Anyway, I also just came across this article from examiner.com on typeface - talking to a few leading designers about fonts and what they mean. How you learn their nuances and how they can be used and misused. Fascinating. 

I know there are those of you out there that change the default font on your computer because it works better for what you're doing. I know you're out there. I'm one of you. 


Posted by Kathryn Hunt at 3:36 PM EDT
Post Comment | Permalink
Monday, 4 May 2009
Night and Day

I've spent the last week taking authors to schools around Ottawa, and I've noticed a few things. One - it's really hard to see the tiny street signs they have in the suburbs when you're stuck behind one of those gargantuan SUVs. Two, if I never had to be anywhere near Woodroffe, or make another one-handed U-turn while getting directions from a school secretary on my cell phone with a nervous out-of-towner in the passenger seat, again, I'd be okay with that. Three, and perhaps the most important: there are oceans of difference from one school to the next, and it has absolutely everything to do with the teachers.

Children's authors take note. This is a story about one item on my Santa Claus list of naughty and nice schools.

My first school on Monday morning, driving around YA author Lesley Livingston (a wonderful person, who, I think, HarperCollins believes is a very hot ticket, maybe the next Melissa Marr or even the next Stephanie Meyer) was Bridlewood Public School, in Kanata.

What I do is to send out a message to the school boards to let them know that the Writers Festival will be bringing children's authors into town to read free at schools, and all they have to do is get back to me to say they're interested, and I'll try to get to as many schools as I can. Someone at Bridlewood got in touch with me, and said they'd love to have an author, and I booked a time with her over email. So, we hoisted the box of books and the popup banner, and headed in. 

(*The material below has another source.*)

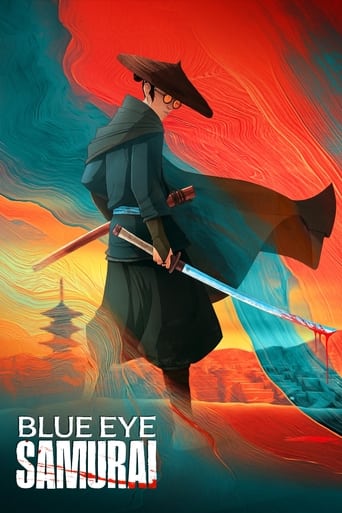 دانلود سریال BLUE EYE SAMURAI 2023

When we walked into the office, the secretary looked up. "Hi," I said, "I'm with the Writers Festival, and this is the author who's supposed to be speaking this morning."

"Oh," she said. "I don't know anything about that. I'm subbing today."

There was a sort of weird silence. "Well," I said, "We're here... from the Writers Festival..."

"Who were you supposed to be looking for?" she asked. I told her. She looked at her list of contacts. 

"Oh," she said. "I don't have a number for her."

There was a sort of weird silence. "Um," I said, "can we maybe talk to the principal?"

She turned around in her chair. "Their doors are closed..." she said, and sort of trailed off. The weird silence came back. 

Finally I gave up, and decided to go check in the library. The woman in there seemed to have a notion that there was something going on, so I waved Lesley in, and we said hi. I set up the banner and we moved some tables and chairs to make room for the kids to sit on the floor. Eventually the principal came in and shook our hands and said hello, but then she left again. We stood around as the students - grades 7-8 - filed in and sat down. Chatted a bit with the kids, who wanted to know if we were sisters, because we really do look like we could be related. Then a teacher came over and introduced himself, asked if we were writers, and what this whole thing was about, with the Writers Festival and all. I explained that Lesley was actually the writer, and that I was here with the 'Think Ink' program of the Festival. Yes, I did write myself, as well as work at the Festival, but Lesley was the one who was really here to speak.

He was the one that introduced us. "Good morning everyone" - or something like that - "We're very lucky today to have these two ladies with us from the" - he turned to check the poster - "International Writers Festival, and they're authors. So they're going to talk to you about writing and their Festival and what they do. So I want you to be good listeners." And then he pretty much left to go sit down. 

I glanced at Lesley, and then stepped forward, and pointed out that I worked for the Festival, and yeah, I did write, poetry, but that I wasn't going to be talking about writing, Lesley was going to do that. I gave my usual spiel about getting to meet a living writer, introduced Lesley and let her go. 

She was great. She's comfortable with audiences and with teens, so she did fine sitting on the table swinging her legs, reading, answering questions. But the kids got squirmier and squirmier, and started getting louder and louder. Lesley had to ask them to settle down a couple of times, and the teacher next to me just sat there, zoned out, staring at the wall across from her. Like all the rest of them. One teacher in the back raised his voice to tell people to settle down and remained on his feet; the others all sat there and abdicated for an hour. 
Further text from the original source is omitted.